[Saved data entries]

-=-=-

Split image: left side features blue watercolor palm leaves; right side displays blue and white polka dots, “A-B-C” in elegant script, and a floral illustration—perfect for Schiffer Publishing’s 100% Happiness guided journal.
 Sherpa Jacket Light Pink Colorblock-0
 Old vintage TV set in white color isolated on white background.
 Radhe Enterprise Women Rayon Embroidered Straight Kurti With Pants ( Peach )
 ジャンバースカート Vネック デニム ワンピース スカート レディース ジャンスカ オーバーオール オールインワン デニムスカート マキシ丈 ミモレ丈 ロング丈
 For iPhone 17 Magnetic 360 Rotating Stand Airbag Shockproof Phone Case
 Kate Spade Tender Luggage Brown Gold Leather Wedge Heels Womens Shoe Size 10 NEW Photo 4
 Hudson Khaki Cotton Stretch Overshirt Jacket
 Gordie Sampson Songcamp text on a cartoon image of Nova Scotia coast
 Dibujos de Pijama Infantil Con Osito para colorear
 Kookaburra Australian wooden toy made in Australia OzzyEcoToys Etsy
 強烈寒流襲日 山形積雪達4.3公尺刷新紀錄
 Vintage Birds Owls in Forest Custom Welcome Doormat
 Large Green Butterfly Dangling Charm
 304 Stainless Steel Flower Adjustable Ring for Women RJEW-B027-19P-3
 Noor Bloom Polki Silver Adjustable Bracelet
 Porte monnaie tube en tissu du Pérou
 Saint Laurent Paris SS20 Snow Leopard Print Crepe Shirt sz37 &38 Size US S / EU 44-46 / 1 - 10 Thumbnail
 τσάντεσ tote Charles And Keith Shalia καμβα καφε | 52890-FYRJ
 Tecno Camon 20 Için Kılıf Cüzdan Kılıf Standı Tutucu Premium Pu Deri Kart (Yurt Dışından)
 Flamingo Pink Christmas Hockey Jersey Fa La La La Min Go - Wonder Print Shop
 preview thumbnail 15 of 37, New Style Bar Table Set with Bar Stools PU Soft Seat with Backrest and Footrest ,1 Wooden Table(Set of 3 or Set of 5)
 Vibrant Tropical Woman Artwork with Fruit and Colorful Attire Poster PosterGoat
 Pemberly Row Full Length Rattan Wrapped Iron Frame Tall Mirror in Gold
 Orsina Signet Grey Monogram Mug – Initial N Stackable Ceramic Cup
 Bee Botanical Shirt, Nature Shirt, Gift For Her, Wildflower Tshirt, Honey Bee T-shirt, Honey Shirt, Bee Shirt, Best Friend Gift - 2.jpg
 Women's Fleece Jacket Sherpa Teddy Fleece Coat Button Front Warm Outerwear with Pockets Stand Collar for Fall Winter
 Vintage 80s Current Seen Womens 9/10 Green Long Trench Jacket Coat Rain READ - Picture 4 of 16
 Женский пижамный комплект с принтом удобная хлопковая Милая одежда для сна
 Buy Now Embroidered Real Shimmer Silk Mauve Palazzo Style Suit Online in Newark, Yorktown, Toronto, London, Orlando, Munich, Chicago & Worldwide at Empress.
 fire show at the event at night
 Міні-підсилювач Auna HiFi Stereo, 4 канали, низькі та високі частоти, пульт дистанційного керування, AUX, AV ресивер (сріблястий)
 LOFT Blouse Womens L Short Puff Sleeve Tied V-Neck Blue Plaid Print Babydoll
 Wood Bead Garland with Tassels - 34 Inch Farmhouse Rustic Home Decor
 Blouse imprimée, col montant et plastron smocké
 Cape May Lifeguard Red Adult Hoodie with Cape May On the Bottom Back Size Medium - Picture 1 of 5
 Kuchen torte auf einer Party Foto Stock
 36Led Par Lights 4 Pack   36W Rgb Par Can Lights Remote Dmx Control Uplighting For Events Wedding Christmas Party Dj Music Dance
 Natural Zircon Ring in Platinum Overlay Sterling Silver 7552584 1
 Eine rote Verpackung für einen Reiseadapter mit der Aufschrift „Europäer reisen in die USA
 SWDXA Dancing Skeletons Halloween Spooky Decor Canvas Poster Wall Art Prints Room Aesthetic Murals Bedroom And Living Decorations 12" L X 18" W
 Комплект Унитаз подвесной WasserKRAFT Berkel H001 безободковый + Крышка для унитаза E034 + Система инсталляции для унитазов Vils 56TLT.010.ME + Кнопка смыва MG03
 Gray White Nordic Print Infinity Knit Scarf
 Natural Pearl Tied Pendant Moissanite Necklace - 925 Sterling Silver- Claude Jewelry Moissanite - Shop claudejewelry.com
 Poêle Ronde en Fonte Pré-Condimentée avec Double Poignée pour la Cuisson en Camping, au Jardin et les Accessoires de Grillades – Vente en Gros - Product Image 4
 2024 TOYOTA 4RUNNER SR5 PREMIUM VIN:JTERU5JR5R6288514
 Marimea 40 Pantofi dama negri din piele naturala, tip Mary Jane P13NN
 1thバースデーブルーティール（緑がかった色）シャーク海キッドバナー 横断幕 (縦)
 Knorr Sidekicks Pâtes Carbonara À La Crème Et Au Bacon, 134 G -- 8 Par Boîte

-=-=-

### WORK TO COMPLETE
From the records above, return each line that includes "Poster".

### RESPONSE
 Vibrant Tropical Woman Artwork with Fruit and Colorful Attire Poster PosterGoat
 SWDXA Dancing Skeletons Halloween Spooky Decor Canvas Poster Wall Art Prints Room Aesthetic Murals Bedroom And Living Decorations 12" L X 18" W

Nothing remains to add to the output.